First one is all the larger topics are broken into smaller captures. The old forum (and this one since it's the same software) had scripts to only load 20 posts per view that would call to unload and load depending on which way you're scrolling. This meant all the web crawlers would pickup chunks of the forum depending on what post they landed on based on the post ID in the URL.
For instance an early topic (#20) was the France riders that had over 2000 posts. As such I've got various iterations of the topic that occupy different chunks of it.
I downloaded the pages, prefixed the name with the topic ID then Post ID in the brackets if it wasn't the first page.

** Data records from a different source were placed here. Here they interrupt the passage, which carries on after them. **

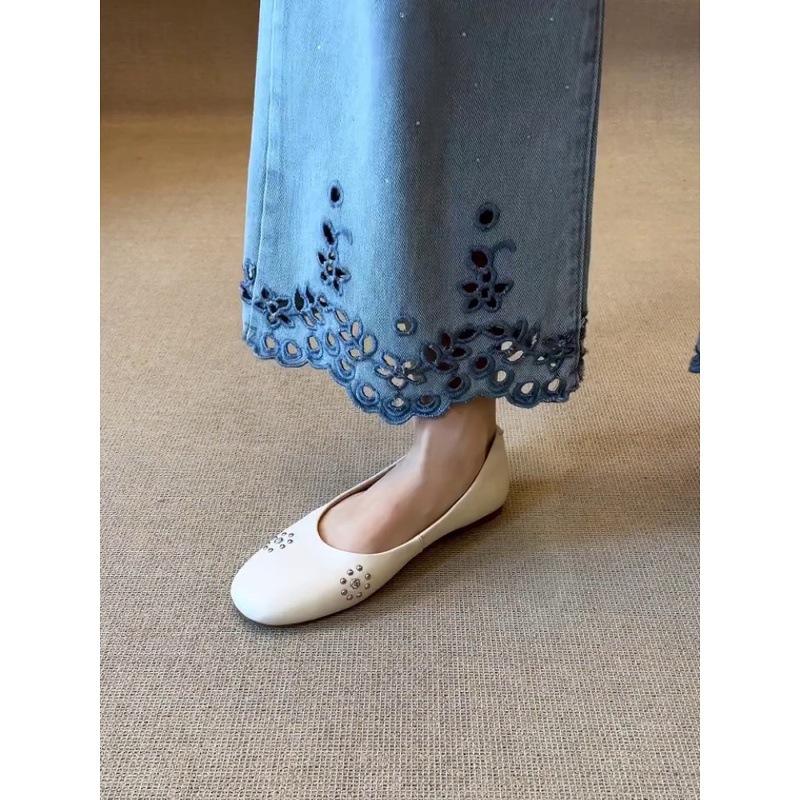 Sheepskin Version, Rivet, Niche Design, Round Head Leather, Shallow Mouth Single Shoes, Fairy Style Temperament, Rhinestone Ballet Flats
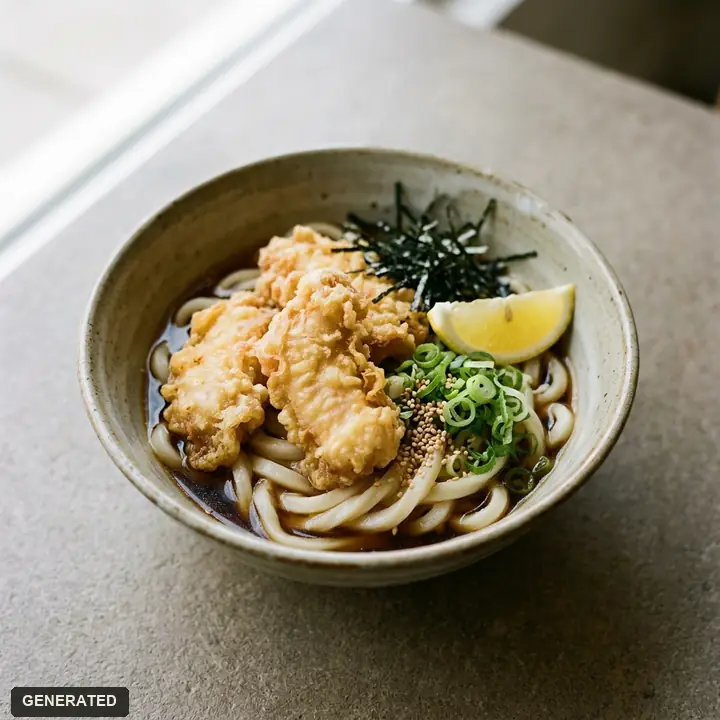 ebiten bukkake udon (udon with shrimp tempura, sauce poured on)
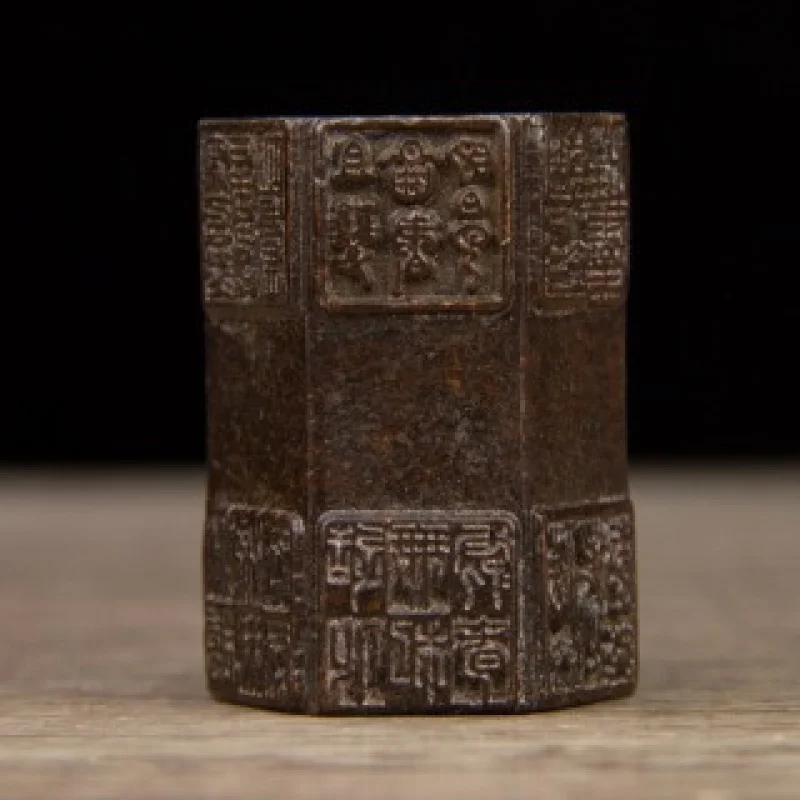 Brass Vintage Antique Hexagonal Stamp Small Ornament for Home Living Room Office Shop Desktop Decoration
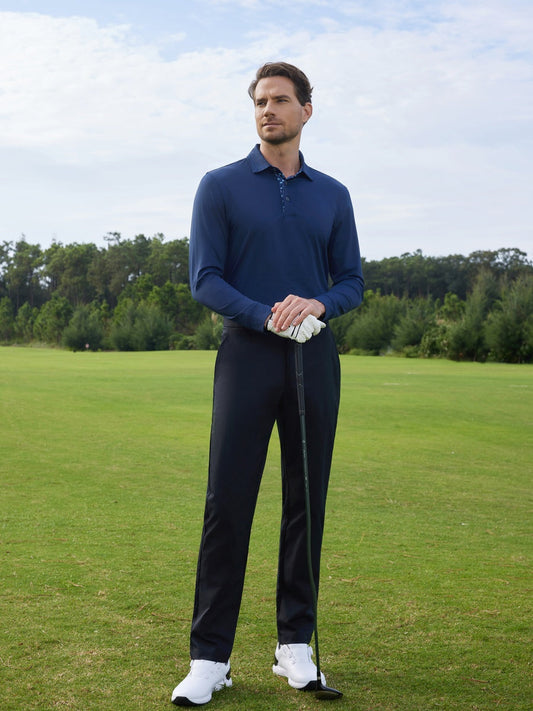 Men's Long Sleeve Solid Jersey Golf Polo – Quick-Dry Four-Way Stretch, Contrast Collar Print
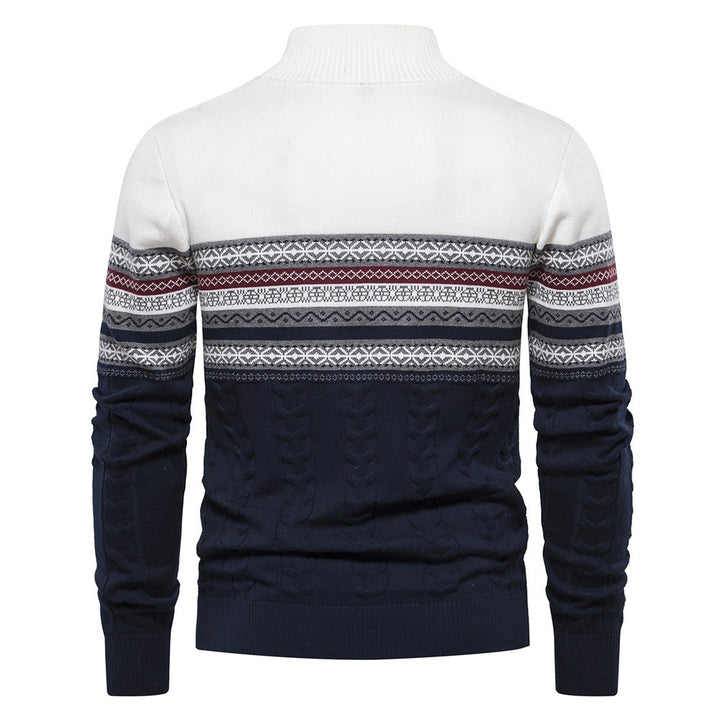Men's Quarter Zip Sweater, Cable Knit Mock Neck Pullover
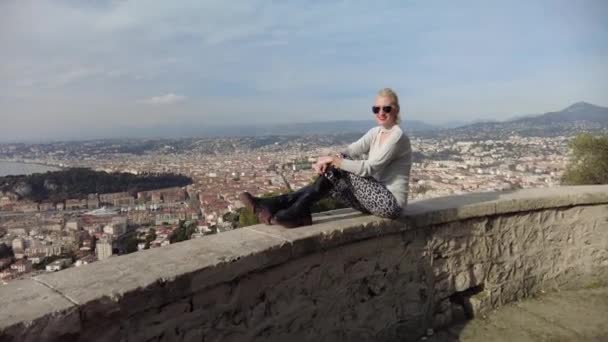 Woman at Mont Boron panorama of Nice — стокове відео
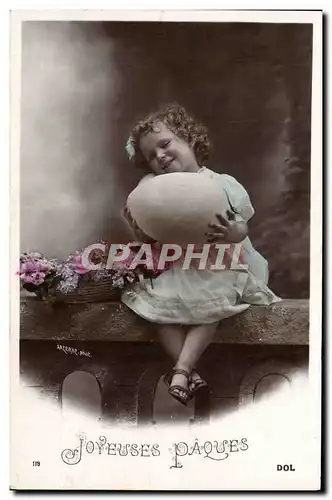 Cartes postales Joyeuses Paques Enfant Oeuf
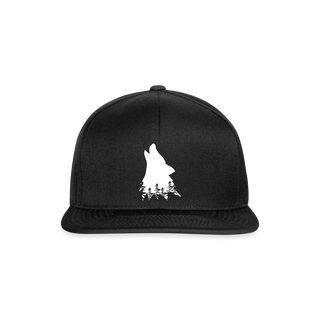 Snapback Cap "Wolf im Wald" - Schwarz/Schwarz
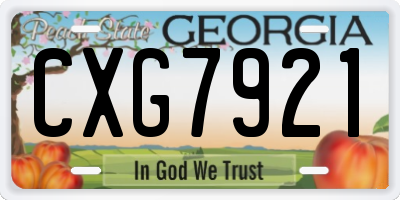 GA license plate CXG7921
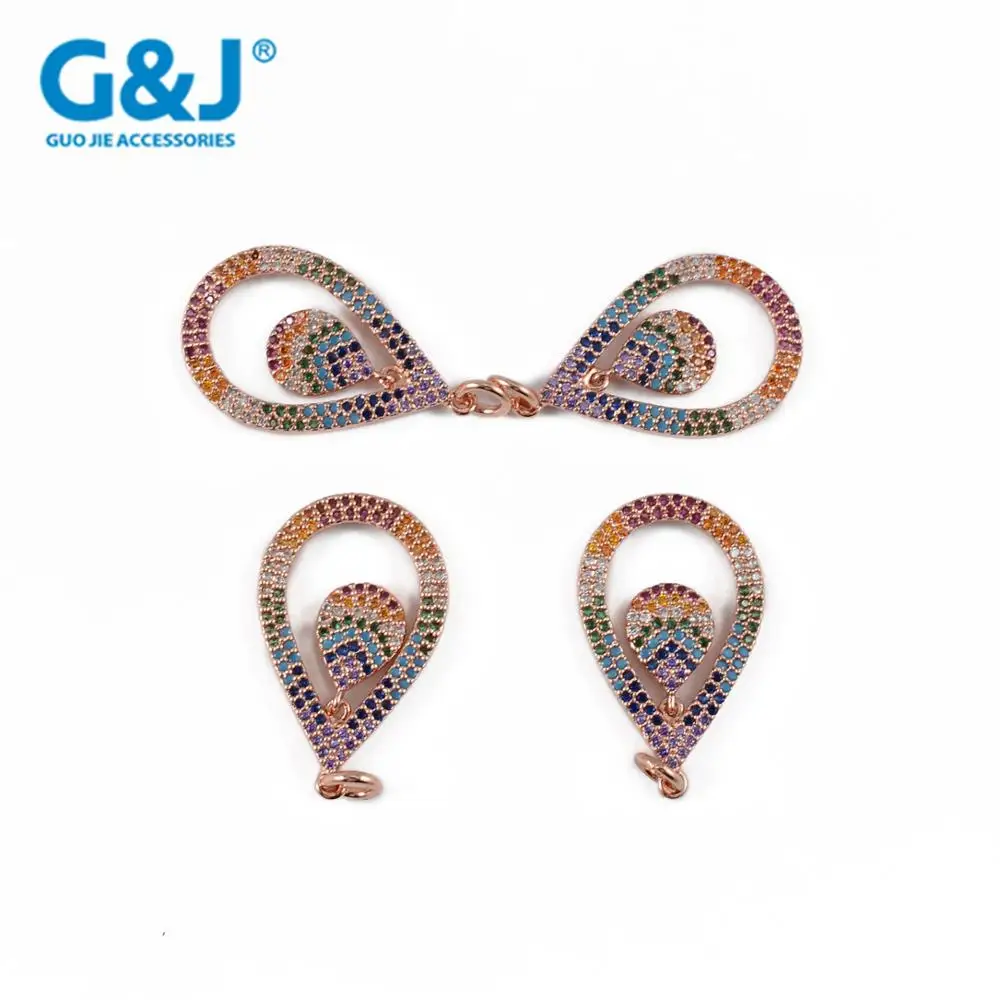 Guojie brand wholesale charms custom fashion micro pave CZ pear shape silver bead charm pendant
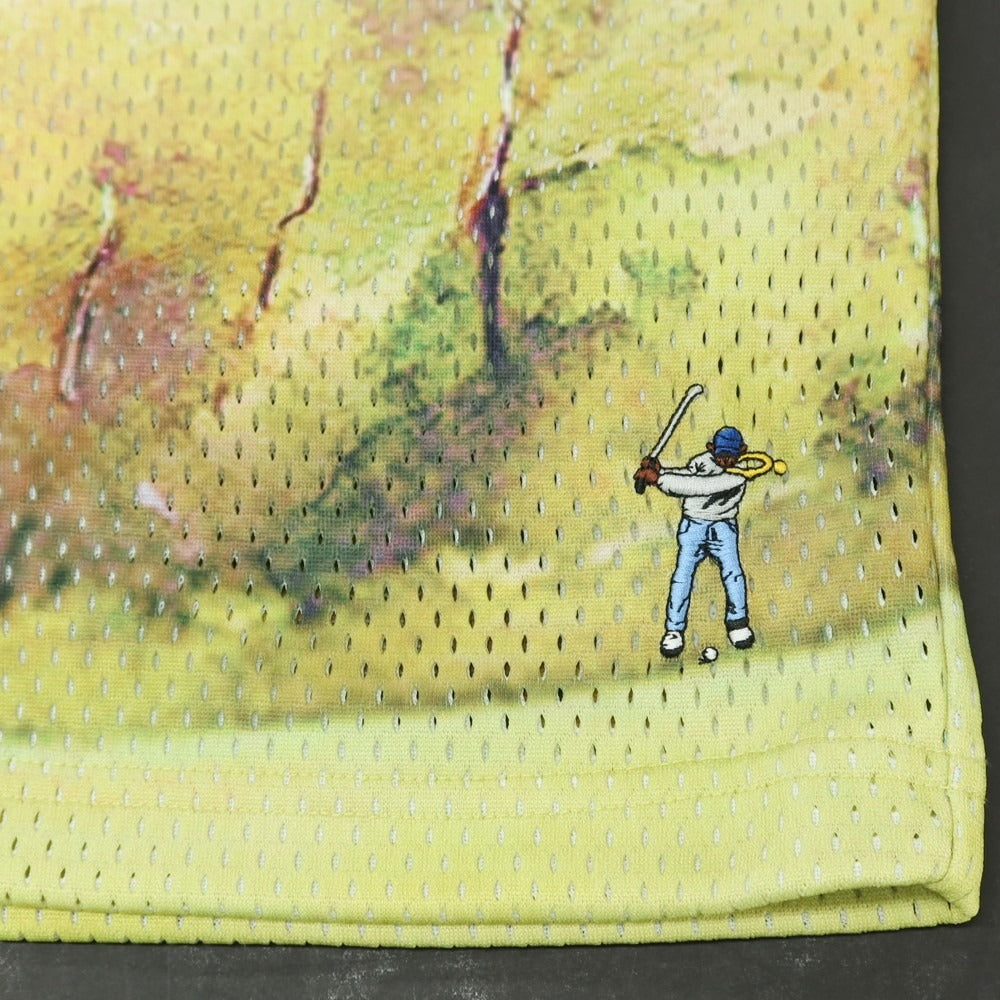 【中古】イーストサイドゴルフ Eastside Golf ポリエステル メッシュ ショートパンツ ティファニーブルーxイエロー【サイズXL】【 状態ランクB 】【 メンズ 】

Second issue is sometimes the webcrawler didn't grab a working version of the site so elements end up really scrambled like below.
Icons and header is utterly borked compared to what you see on this working forum.I'm sure I'll find a streamlined way to do it eventually. Did want to make a python script but looking at the scope of it I realised the tool would have to be super complex to account for the variety of edge cases on the thousands of files. In the meantime I'll focus on the more popular and sort after topics.
-
@lia I wish you the best of luck! if there is somehow to help I am willing to put some time into it too :)
-
@cheppy44 Thanks :)
I think once I get a functional site up for it I might ask if anyone more competent can look over the pages (I'll make the html, css and scripts available) to see if there are better ways to achieve the desired function. -
@lia said in Organising the Archive:
Did want to make a python script but looking at the scope of it I realized the tool would have to be super complex to account for the variety of edge cases on the thousands of files. In the meantime I'll focus on the more popular and sort after topics.
This could either be super easy or super difficult to hem together the individual segments into a complete thread. It will depend upon how the server implements the tagging mechanism when generating each page.
that is where to start ur planning imo. how does the server store data and generate a page from that data.
then you just need to merge the properly cleansed data to a copy of the existing data set for testing. if it works, ur good.
Cleansing this much loosely structured data would certainly be a hellish chore manually, and even still as a scripted application.
Firstly, I'm a data analyst, not a web developer, so others may have better opinions. if i were to approach the problem, it would start with data cleansing.
Each data set would be programmatically cleansed of irrelevant data, leaving a simple html segment with the desired components.
the css for each html can be treated in two ways, either left alone and pray for no bugs, or tossed all together and redone. The html is what matters and can probably be stylized afterwards.
I would prefer the former solution cuz its easier, but i also find myself doing both in the end cuz u know... the universe.
u may not have to process tags any further since each page was likely generated procedurally, so they may be identically tagged.
my real hope would be for more or less plug and play css.
thats why i don't do front-end at all.
users r so nitpicky! just eat this wall of text u ape!